[Supplied records — start]

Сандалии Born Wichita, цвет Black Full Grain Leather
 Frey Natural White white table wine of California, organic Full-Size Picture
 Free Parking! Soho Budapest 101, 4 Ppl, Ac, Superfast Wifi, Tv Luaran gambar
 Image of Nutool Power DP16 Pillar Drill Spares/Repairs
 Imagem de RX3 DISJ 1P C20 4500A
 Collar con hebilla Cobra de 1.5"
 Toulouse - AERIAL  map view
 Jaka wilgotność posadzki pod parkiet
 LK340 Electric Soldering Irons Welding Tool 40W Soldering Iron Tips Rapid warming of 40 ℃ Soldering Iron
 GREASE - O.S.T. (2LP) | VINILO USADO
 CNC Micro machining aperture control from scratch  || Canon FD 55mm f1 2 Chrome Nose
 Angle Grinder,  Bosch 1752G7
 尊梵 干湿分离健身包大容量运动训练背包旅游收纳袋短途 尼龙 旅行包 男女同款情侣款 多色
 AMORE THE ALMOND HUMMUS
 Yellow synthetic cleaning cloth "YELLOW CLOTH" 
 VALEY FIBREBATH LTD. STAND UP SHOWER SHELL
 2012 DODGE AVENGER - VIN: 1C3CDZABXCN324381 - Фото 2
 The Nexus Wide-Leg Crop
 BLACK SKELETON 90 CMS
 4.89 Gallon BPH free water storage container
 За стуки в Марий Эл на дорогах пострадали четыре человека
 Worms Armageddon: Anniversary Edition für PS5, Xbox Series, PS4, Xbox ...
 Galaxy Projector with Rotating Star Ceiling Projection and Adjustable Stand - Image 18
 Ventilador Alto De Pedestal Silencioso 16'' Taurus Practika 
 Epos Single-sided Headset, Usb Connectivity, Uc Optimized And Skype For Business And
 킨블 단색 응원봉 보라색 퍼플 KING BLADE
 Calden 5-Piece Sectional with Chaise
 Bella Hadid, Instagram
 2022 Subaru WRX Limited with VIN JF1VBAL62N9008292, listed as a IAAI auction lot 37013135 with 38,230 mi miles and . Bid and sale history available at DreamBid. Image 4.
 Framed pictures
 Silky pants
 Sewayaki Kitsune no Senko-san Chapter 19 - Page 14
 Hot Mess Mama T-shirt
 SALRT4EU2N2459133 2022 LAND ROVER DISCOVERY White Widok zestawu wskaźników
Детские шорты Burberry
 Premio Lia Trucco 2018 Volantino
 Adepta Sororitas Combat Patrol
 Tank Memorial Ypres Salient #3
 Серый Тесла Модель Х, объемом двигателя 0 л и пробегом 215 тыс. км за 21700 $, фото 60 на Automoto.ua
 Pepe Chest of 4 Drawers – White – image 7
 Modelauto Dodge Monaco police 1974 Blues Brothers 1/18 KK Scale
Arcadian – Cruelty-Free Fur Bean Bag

[Supplied records — finish]

Look over the records. Copy the lines that include the word "with".

*Result of the task*:
 Galaxy Projector with Rotating Star Ceiling Projection and Adjustable Stand - Image 18
 Calden 5-Piece Sectional with Chaise
 2022 Subaru WRX Limited with VIN JF1VBAL62N9008292, listed as a IAAI auction lot 37013135 with 38,230 mi miles and . Bid and sale history available at DreamBid. Image 4.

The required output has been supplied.